度重なるメンバーの脱退を繰り返しながらも、その都度メンバーを入れ替えコンスタントに活動を続けているフリートウッド・マックですが、最大のピンチは1990年のスティーヴィーとクリスティンのツアー不参加でした。
その後に発表された15枚目のアルバム「Behind the Mask」では5作連続で続いていたゴールドディスクを逃し、クリスティン脱退後の1995年の「Time」では、全米チャートの200位にすら届きませんでした。

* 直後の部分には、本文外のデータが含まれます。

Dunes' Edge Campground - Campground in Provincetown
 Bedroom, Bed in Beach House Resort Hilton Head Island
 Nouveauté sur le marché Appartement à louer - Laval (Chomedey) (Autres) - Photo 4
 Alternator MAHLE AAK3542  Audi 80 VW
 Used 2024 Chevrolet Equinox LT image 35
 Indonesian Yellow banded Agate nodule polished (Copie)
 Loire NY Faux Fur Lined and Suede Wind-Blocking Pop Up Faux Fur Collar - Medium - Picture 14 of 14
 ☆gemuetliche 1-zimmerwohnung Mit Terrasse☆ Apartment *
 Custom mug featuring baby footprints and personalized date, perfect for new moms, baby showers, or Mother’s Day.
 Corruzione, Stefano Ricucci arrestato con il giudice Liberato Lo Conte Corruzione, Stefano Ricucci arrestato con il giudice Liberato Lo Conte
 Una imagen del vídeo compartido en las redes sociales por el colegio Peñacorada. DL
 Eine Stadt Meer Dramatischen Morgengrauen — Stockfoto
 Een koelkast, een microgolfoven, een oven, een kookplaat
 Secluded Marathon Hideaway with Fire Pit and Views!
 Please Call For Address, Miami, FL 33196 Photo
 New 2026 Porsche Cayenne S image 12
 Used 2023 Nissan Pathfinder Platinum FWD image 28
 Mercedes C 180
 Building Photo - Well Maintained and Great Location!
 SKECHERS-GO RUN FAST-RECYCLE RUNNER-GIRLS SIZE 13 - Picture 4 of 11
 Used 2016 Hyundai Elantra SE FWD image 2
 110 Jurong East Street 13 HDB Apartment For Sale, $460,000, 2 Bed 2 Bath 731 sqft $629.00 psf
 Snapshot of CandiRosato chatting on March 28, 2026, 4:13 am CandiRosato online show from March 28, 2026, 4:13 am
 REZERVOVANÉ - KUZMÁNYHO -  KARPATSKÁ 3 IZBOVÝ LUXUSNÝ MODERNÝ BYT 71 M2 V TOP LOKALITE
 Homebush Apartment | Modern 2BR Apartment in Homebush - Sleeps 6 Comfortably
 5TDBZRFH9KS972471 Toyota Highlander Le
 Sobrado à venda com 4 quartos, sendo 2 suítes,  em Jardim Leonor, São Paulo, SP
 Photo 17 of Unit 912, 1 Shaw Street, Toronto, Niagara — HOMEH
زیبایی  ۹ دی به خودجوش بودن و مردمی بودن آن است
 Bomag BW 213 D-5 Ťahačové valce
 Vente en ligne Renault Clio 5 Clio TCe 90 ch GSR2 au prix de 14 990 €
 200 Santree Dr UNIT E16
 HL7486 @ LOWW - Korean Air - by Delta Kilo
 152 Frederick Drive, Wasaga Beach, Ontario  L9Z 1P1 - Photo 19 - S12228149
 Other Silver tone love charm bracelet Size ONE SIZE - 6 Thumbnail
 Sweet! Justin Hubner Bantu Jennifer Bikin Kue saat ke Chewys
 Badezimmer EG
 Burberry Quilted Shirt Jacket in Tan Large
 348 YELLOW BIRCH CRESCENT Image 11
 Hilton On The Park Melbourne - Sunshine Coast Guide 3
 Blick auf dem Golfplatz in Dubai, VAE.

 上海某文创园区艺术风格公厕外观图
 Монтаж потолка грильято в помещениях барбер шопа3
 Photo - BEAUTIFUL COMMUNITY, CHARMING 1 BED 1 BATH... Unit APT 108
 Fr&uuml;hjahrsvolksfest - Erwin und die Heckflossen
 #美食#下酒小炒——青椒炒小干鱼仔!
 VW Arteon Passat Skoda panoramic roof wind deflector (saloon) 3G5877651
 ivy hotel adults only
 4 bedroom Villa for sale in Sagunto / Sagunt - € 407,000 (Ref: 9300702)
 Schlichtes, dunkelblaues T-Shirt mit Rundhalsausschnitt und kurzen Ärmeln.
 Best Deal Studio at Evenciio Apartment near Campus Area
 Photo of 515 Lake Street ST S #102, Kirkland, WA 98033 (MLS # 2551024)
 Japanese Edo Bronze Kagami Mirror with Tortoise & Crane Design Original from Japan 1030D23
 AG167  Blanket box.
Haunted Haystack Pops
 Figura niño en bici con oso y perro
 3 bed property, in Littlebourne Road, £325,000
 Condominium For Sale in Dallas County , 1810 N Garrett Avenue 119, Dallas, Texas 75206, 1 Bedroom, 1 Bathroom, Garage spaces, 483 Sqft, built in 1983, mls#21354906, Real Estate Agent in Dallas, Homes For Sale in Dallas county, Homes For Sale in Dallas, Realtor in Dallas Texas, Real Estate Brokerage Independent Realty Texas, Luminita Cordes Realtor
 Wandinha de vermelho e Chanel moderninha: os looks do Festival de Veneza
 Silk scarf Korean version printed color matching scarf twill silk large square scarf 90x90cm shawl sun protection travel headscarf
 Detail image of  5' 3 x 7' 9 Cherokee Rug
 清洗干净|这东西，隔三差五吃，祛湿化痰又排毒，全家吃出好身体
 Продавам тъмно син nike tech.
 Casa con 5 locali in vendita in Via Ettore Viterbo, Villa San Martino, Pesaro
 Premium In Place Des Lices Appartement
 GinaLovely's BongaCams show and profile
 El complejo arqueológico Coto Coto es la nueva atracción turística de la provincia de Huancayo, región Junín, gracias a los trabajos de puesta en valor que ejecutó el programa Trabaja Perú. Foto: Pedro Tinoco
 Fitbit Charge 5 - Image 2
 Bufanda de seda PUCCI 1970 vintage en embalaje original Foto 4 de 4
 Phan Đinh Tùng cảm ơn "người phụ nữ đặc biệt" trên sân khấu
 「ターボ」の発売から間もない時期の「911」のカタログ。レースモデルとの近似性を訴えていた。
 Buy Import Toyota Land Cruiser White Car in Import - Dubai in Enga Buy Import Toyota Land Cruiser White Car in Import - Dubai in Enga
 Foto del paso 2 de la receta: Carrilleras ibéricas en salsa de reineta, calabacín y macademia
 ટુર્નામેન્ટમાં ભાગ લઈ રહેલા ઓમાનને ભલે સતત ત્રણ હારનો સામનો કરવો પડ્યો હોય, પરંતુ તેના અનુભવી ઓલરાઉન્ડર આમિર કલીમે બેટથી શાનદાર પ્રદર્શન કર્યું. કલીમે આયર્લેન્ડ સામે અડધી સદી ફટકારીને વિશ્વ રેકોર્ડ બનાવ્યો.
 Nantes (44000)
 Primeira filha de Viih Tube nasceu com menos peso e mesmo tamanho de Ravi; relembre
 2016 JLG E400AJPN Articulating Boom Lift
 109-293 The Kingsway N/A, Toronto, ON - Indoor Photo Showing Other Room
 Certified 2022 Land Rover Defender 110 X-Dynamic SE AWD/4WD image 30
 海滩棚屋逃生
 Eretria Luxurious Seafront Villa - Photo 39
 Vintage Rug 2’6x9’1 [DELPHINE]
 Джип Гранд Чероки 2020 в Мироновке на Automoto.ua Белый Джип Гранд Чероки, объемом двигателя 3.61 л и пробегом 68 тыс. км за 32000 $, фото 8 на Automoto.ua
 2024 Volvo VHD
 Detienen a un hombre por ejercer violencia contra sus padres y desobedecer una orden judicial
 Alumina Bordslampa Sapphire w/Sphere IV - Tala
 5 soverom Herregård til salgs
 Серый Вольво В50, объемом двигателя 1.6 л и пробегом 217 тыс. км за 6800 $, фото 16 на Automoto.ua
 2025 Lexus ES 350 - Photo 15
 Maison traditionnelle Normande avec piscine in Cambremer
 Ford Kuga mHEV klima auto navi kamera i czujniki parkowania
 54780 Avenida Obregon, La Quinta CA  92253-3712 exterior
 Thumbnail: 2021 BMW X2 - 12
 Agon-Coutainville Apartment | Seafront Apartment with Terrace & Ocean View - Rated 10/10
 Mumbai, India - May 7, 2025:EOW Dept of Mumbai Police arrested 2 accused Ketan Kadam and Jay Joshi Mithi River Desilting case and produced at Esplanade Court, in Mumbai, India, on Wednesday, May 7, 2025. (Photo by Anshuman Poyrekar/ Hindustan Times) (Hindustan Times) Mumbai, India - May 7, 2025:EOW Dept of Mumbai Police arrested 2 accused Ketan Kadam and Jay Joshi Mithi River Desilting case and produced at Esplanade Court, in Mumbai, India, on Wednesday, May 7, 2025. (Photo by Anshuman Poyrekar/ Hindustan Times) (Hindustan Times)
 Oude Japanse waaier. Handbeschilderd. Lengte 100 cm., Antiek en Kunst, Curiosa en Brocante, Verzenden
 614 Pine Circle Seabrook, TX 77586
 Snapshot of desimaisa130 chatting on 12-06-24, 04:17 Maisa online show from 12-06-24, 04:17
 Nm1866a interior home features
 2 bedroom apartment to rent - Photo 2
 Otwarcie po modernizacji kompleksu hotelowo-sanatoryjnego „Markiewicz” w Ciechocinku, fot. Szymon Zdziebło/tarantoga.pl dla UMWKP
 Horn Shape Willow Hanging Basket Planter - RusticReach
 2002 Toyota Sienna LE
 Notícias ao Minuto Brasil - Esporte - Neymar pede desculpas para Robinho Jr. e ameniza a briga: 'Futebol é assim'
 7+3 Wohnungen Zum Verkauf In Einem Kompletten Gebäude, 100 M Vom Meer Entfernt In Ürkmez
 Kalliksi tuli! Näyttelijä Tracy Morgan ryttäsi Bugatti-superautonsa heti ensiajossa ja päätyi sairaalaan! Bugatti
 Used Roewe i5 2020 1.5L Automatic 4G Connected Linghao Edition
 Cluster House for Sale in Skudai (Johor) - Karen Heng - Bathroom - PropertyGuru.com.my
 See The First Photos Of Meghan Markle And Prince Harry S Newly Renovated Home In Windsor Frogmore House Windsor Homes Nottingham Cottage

フリートウッド・マックもこれで終りかと思われましたが、なんと1997年に再びリンジー、クリスティン、スティーヴィー、ミック、ジョンが集結し、まさかの再結成が発表されます。同年リリースされたライブ・アルバム「The Dance」が全米No1を獲得、翌年にはロックの殿堂入りに認定されその人気の高さが証明されました。

その後、クリスティンが一旦音楽業界そのものから引退するも、2014年に復帰。2018年にはリンジーを除く4人によるワールド・ツアーが行われており結成から50年を過ぎてもなお、精力的に活動を続けています。

※本記事はコロナウイルス感染拡大より以前に執筆・掲載された記事です。